**WHAT TO WORK ON**
Using the material below, print a verbatim copy of every line from the one containing "156 - A 9ct" through the one containing "Картина на холсте", inclusive, and omit the pictures.

**RECORDS SHOWN**

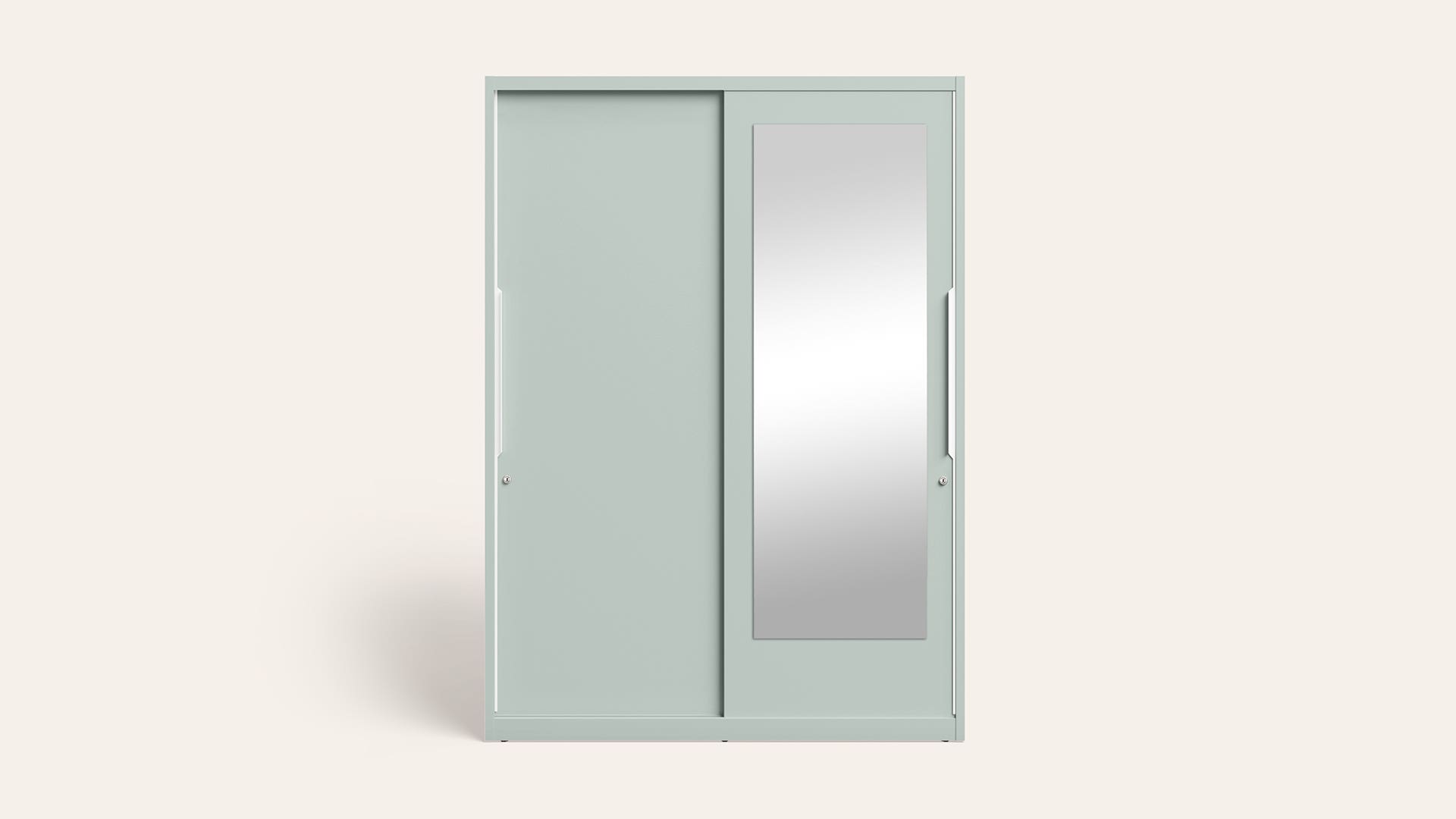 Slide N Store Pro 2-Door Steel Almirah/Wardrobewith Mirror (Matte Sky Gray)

...

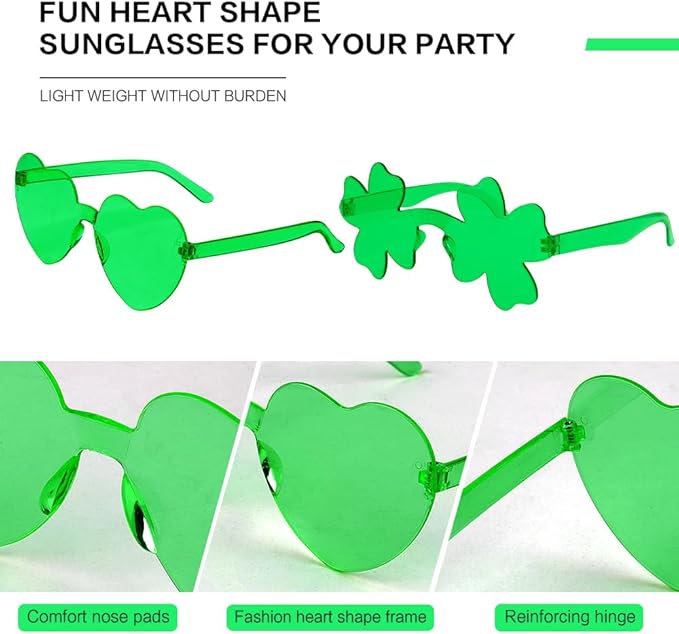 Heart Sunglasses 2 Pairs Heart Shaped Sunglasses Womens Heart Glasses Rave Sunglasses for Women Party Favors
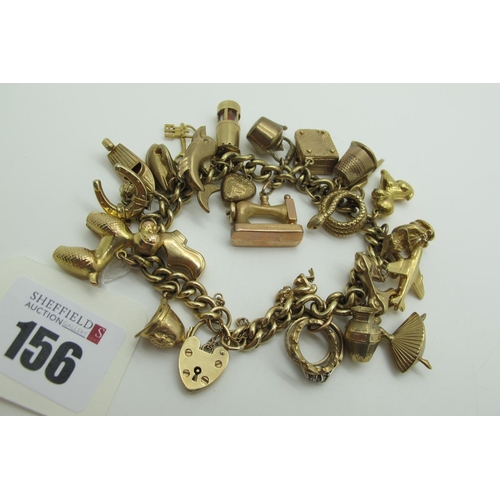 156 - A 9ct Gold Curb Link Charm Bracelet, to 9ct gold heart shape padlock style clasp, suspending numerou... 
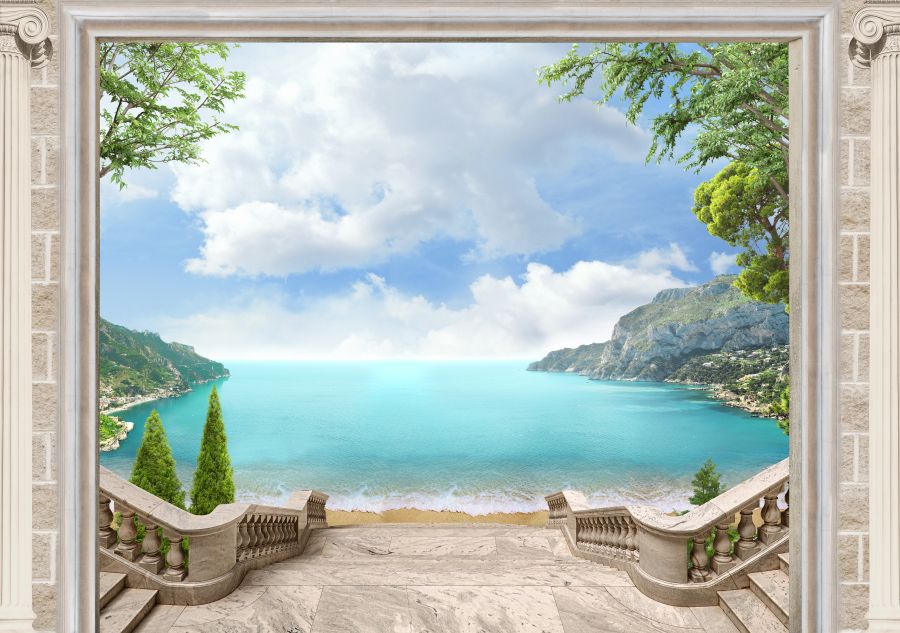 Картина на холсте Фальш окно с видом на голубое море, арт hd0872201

**EXERCISE RESPONSE**
 156 - A 9ct Gold Curb Link Charm Bracelet, to 9ct gold heart shape padlock style clasp, suspending numerou... 
 Картина на холсте Фальш окно с видом на голубое море, арт hd0872201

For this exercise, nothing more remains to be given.